What this task involves.
Using only the entries below, copy exactly the lines that begin at the one with "Brake Pad Set" and end at the one with "Custom New Zealand", both included. Drop the pictures.

Record extracts.
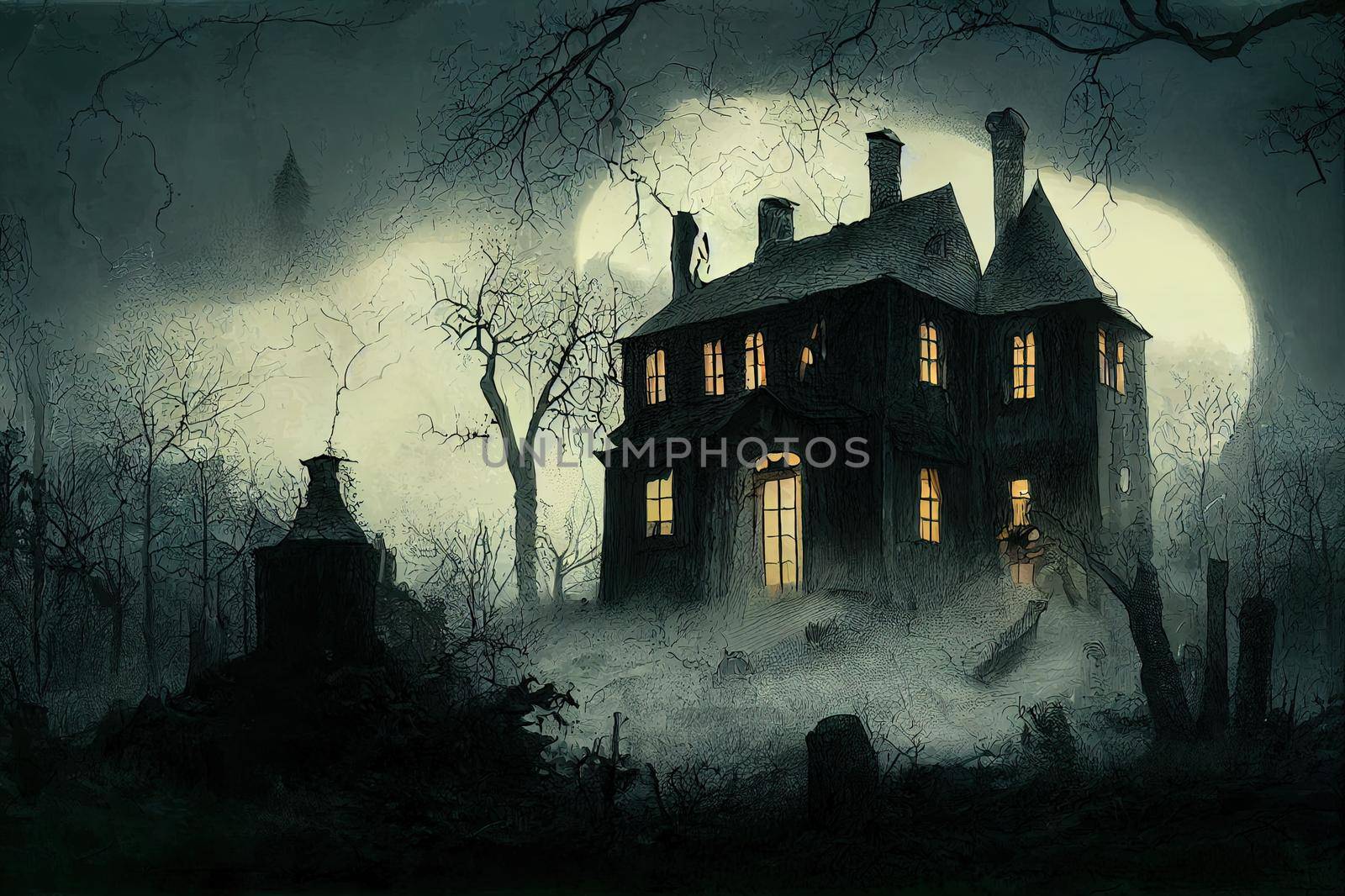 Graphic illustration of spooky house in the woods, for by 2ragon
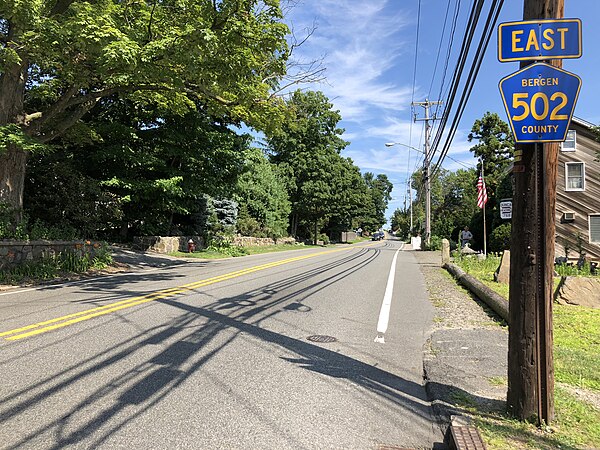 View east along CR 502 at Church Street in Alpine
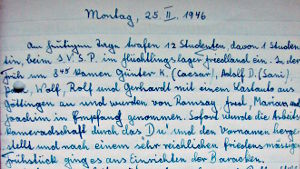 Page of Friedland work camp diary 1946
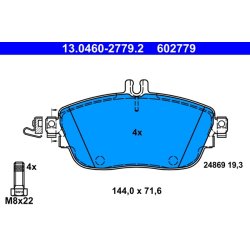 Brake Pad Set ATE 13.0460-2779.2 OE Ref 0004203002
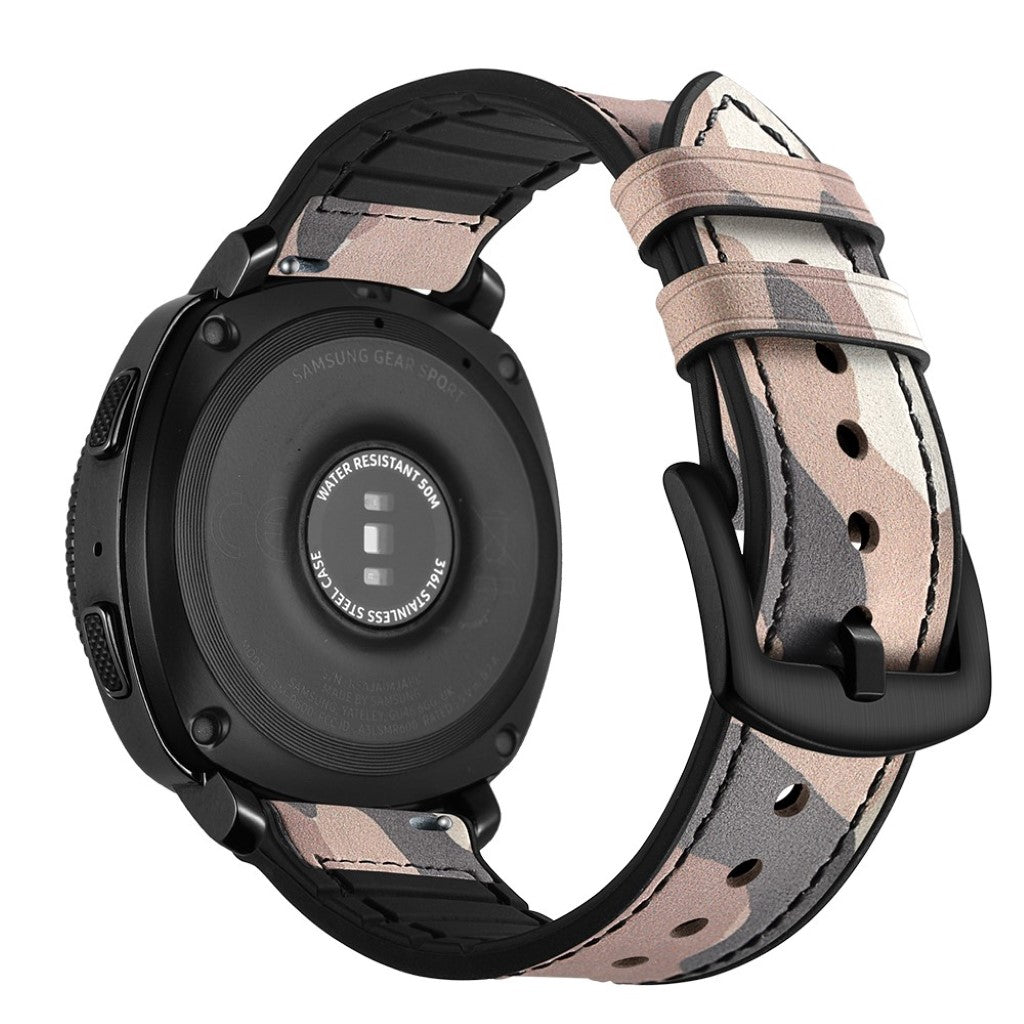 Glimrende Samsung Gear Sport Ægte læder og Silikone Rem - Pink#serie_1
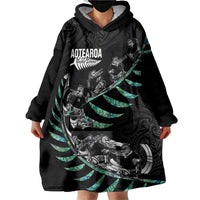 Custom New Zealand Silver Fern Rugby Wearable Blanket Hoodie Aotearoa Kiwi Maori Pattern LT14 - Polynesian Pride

---

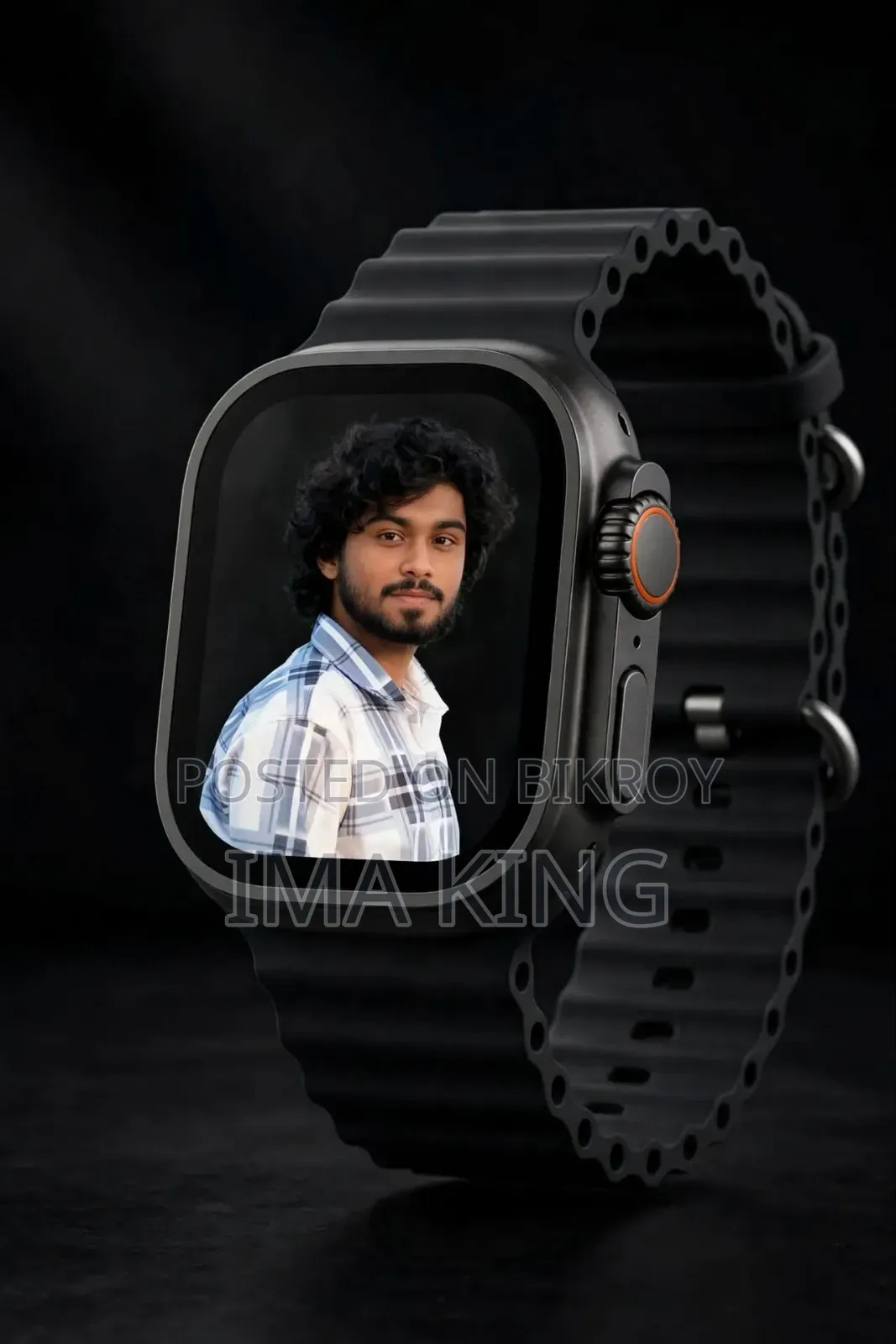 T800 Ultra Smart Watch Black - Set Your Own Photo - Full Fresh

...

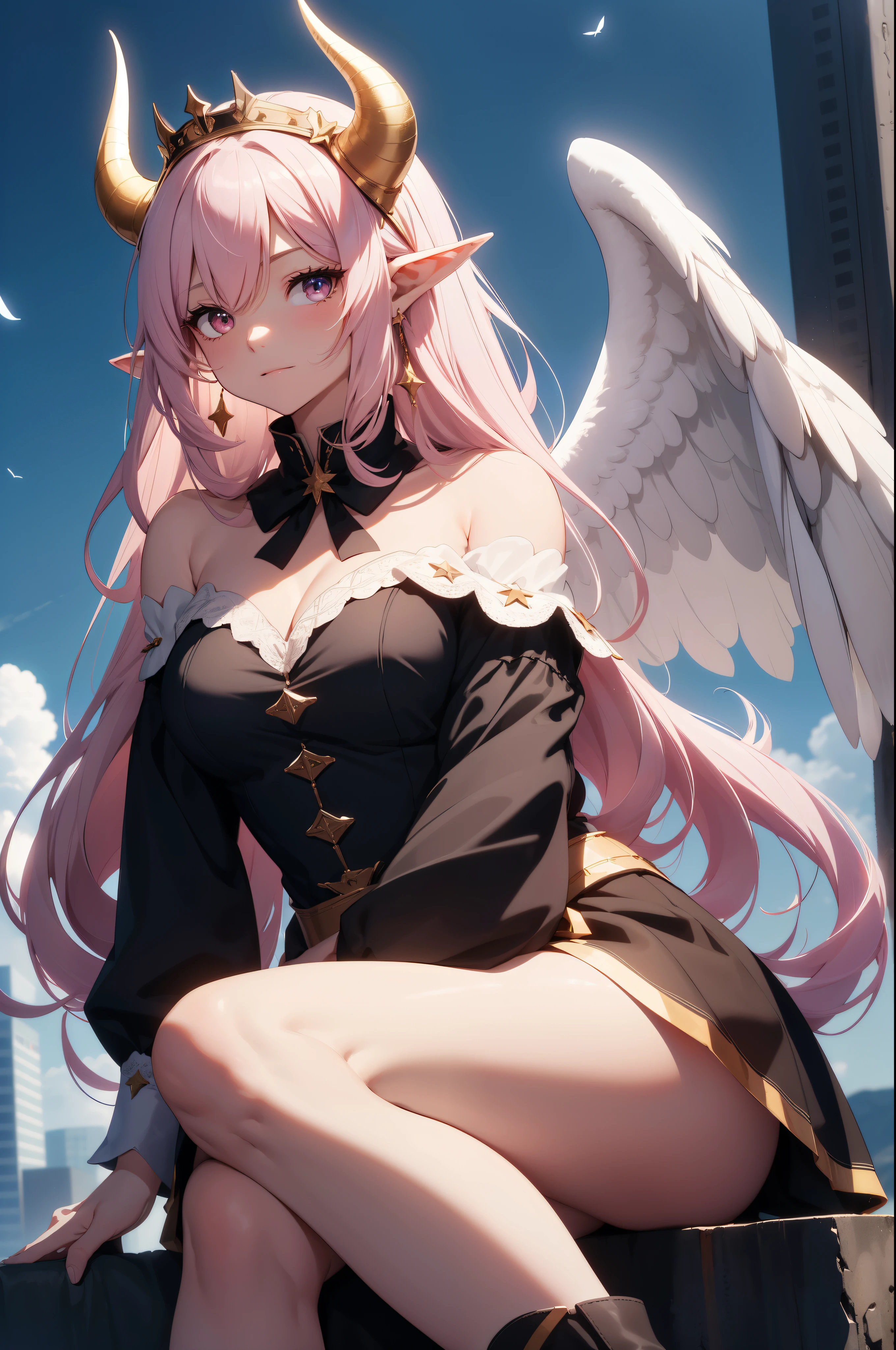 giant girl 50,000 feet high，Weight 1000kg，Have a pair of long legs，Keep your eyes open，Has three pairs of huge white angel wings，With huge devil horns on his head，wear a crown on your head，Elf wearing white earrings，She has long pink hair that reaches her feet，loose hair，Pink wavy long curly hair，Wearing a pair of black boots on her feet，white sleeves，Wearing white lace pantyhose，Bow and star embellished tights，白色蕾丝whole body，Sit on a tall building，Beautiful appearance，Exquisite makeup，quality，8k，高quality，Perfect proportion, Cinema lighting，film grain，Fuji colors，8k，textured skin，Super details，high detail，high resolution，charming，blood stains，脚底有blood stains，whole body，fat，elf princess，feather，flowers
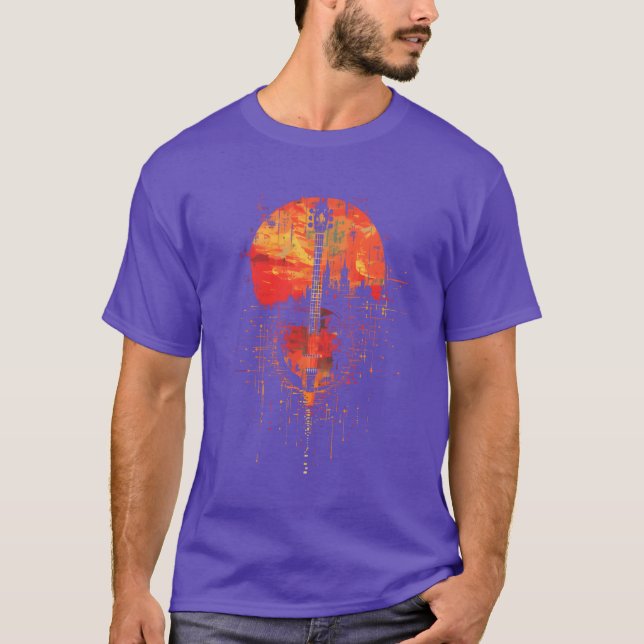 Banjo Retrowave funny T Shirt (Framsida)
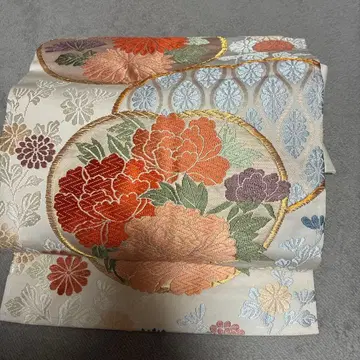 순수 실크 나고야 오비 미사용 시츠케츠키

Output below.
 Brake Pad Set ATE 13.0460-2779.2 OE Ref 0004203002
 Glimrende Samsung Gear Sport Ægte læder og Silikone Rem - Pink#serie_1
 Custom New Zealand Silver Fern Rugby Wearable Blanket Hoodie Aotearoa Kiwi Maori Pattern LT14 - Polynesian Pride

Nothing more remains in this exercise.